Esse acompanhamento deve ser iniciado quando o estudante se matricula. As IES já fazem isso quando coletam, no ato da inscrição, informações sobre formação, composição da família, escolaridade dos pais etc. Esta série de dados pode ser complementada ao longo do tempo com outas informações. Eu proponho fazer uma biografia do tipo acadêmico para registrar, para cada um, que tipo de estudante ele é – se é estudioso, se apresenta dificuldades – e qual foi sua trajetória prévia. Isso o define não totalmente, mas em muitos aspectos. Sobre o conjunto de indicadores que mostram possibilidades de evasão, destacaria o absenteísmo e o nível de rendimento como aqueles que permitem deduzir rapidamente se o aluno abandonará ou não o curso. Em relação ao desempenho acadêmico, podem ser observadas a média de disciplinas concluídas por ano; a pontuação média nas disciplinas aprovadas; a relação entre disciplinas reprovadas e aprovadas; entre outros dados.

Por que o problema da evasão deve ser tratado institucionalmente com o apoio de todos os membros acadêmicos?
A evasão deve ser combatida de forma institucional e com a participação de distintas áreas e dos distintos integrantes da comunidade acadêmica. Somente assim é possível sensibilizar todos os profissionais e estimulá-los a agir contra o problema da perda de alunos. Os professores têm papel importante porque são as pessoas que estão em contato direto com os alunos, além de serem figuras de referência.

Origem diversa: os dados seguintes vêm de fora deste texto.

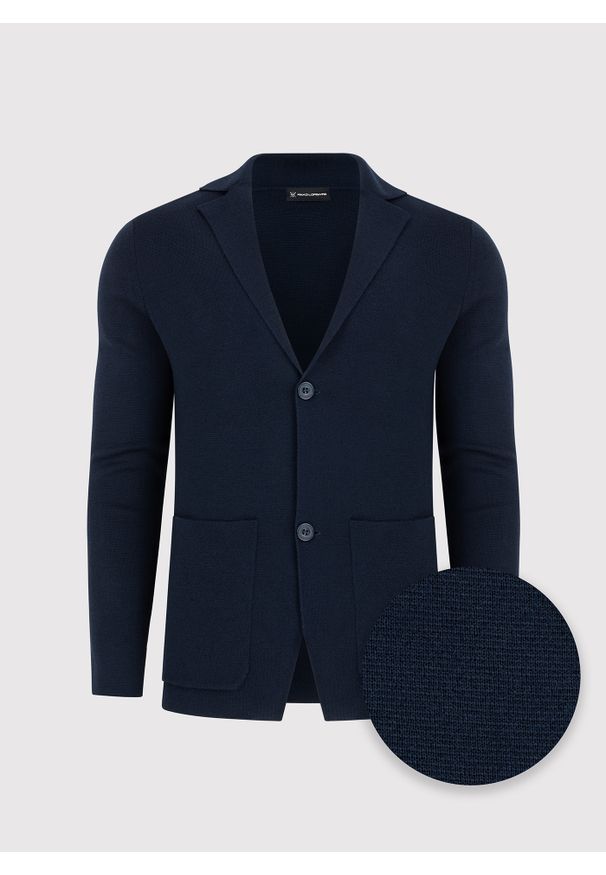 Pako Lorente - PAKO LORENTE – Dzianinowa wełniana marynarka męska. Okazja: na co dzień. Materiał: dzianina, wełna. Styl: casual, elegancki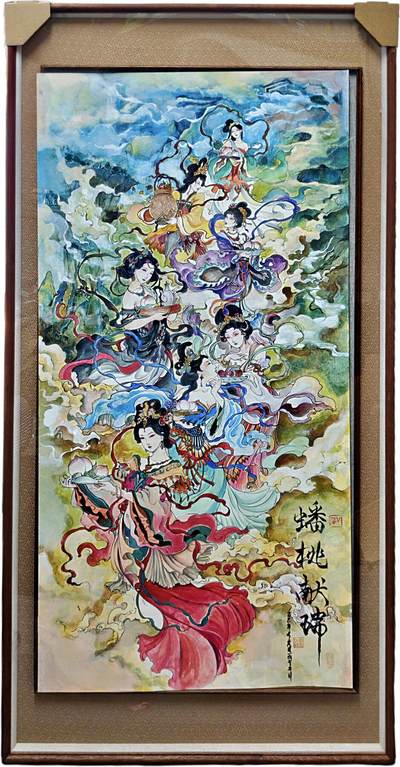 白泽拍卖卡牌手绘专场第30期（白金之夜 跨年大拍） - 2025 鹿凝手绘画 蟠桃献瑞 已装裱 尺寸：内50cm*99cm 外61cm*121cm 鹿凝亲签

Você investigou as tensões entre estudo e trabalho e como elas impactam a permanência do aluno no ensino superior. Como no Brasil essa questão também é importante, poderia nos apresentar sua classificação de perfis de estudantes e suas vulnerabilidades?
Nesta pesquisa, identifiquei quatro perfis distintos de alunos que estão no ensino superior: o ‘estudante trabalhador’, que se refere àqueles que pertencem mais ao mundo do trabalho e, em menor medida, à vida universitária; o ‘estudante em trânsito’, que é aquele que se identifica com a condição de ser estudante, mas não se vê como um universitário com um futuro profissional pela frente. Ele está em trânsito porque enxerga a vida acadêmica como uma continuidade do ensino médio. Já o perfil ‘universitário com futuro profissional’ se projeta na profissão e estuda para conquistar uma carreira. Somente 12% das pessoas que estão nesse grupo se evadem. E tem ainda o ‘estudante com identidade em construção’, que é aquele que não se identifica nem como estudante, nem como universitário e tampouco como profissional. Ele está realmente atravessando uma etapa de identificação. Quanto às vulnerabilidades, tem a do tipo ‘institucional’, que impacta aqueles que sentem desconformidade com a instituição, sofrem com a falta de apoio social e têm como prioridade o trabalho; a ‘acadêmica’, quando os estudantes têm carência de hábitos de estudo, dificuldade para acompanhar o curso e/ou desconformidade com a carreira e a instituição escolhida, e, por fim, a ‘econômica’, que se manifesta quando há forte necessidade de priorizar o trabalho, embora o aluno não tenha qualquer restrição com a IES.

Por que a evasão tornou-se um problema mundial?
A evasão é um problema mundial porque as mudanças produzidas na educação e, particularmente, no ensino superior foram as mesmas em vários países. Ela é resultado da massificação do ensino superior e de outros fatores causais que variam conforme o país, a região, o sistema de educação e as próprias instituições de ensino.

Você listou uma série de projetos que podem ser desenvolvidos. Esse investimento compensa do ponto de vista financeiro?
É preciso fazer uma conta, mas acredito que compensa, sim.  Não são todos os alunos que são alvos desses programas. Então, cabe às IES fazer uma avaliação de quem necessita de apoio e direcionar as ações a eles. Se fizer uma conta com a perda dos estudantes que se evadem ano a ano, acredito que compensa implementar essas ações.